- WA code: ARU
- National federation: Aruba Athletic Federation
- Medals: Gold 0 Silver 0 Bronze 0 Total 0

World Athletics Championships appearances (overview)
- 1987; 1991; 1993; 1995; 1997; 1999; 2001–2009; 2011; 2013; 2015; 2017; 2019; 2022; 2023; 2025;

= Aruba at the World Athletics Championships =

Aruba has competed at the World Athletics Championships on eleven occasions. It did not send a delegation for the 1983 championships or the editions from 2001 to 2009. Its competing country code is ARU. The country has not won any medals at the competition and as of 2019 no Aruban athlete has reached the top eight of an event. Its best performance is by Cornelia Melis, who placed 21st in the 1991 women's marathon.

==1991==

One athlete represented Aruba at the 1991 World Championships in Athletics: Cornelia Melis ran a time of 2:58:18 to finish 21st in the women's marathon.

| Athlete | Event | Final |  |
| Result | Rank |
| Cornelia Melis | Women's marathon | 2:58:18 | 21st |

==1997==
One athlete represented Aruba at the 1997 World Championships in Athletics: Miguel Janssen ran a time of 10.47 to finish 56th overall in men's 100 metres heats.

Athlete: Event; Heat; Final
Result: Rank; Result; Rank
Miguel Janssen: Men's 100 metres; 10.47; 56th; Did not advance

==2011==

Two athletes represented Aruba at the 2011 World Championships in Athletics.
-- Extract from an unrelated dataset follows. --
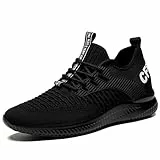 Schuhe Die Größer Machen Herren, Elevate Shoes Herren 10cm, Elevateshoes Aufzug Breeze Unsichtbare Elevator Schuhe Die Größer Machen Joggingschuhe Plateau Sneaker & Sportschuhe Mesh Schwarz 43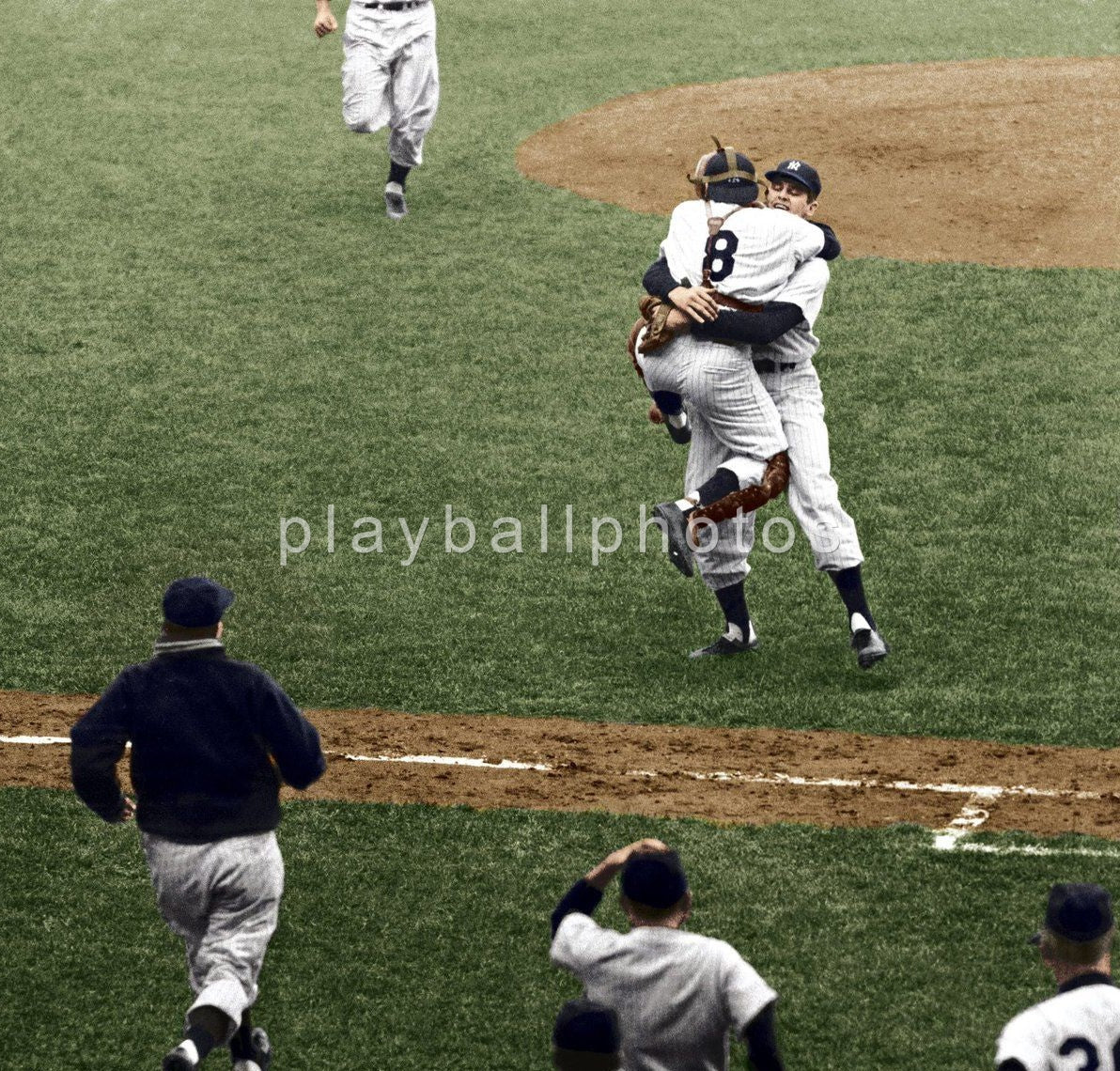 Don Larsen's Perfect Game Colorized 8x10 Print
Geronimo Goeloe ran in the men's 100 metres, progressing beyond the preliminary round before being eliminated in the heats stage. Shariska Winterdal competed in the women's marathon, finishing in 46th place with a time of 3:49:48.

| Athlete | Event | Preliminaries |  | Heats |  | Semifinals |  | Final |  |
| Result | Rank | Result | Rank | Result | Rank | Result | Rank |
| Geronimo Goeloe | Men's 100 metres | 10.73 SB | 6 Q | 10.84 | 47 | Did not advance |  |  |  |
| Shariska Winterdal | Women's marathon |  |  |  |  |  |  | 3:49:48 SB | 46 |

==2013==

One athlete represented Aruba at the 2013 World Championships in Athletics: Quincy Breell cleared 7.10 m to finish 28th in men's long jump qualifying.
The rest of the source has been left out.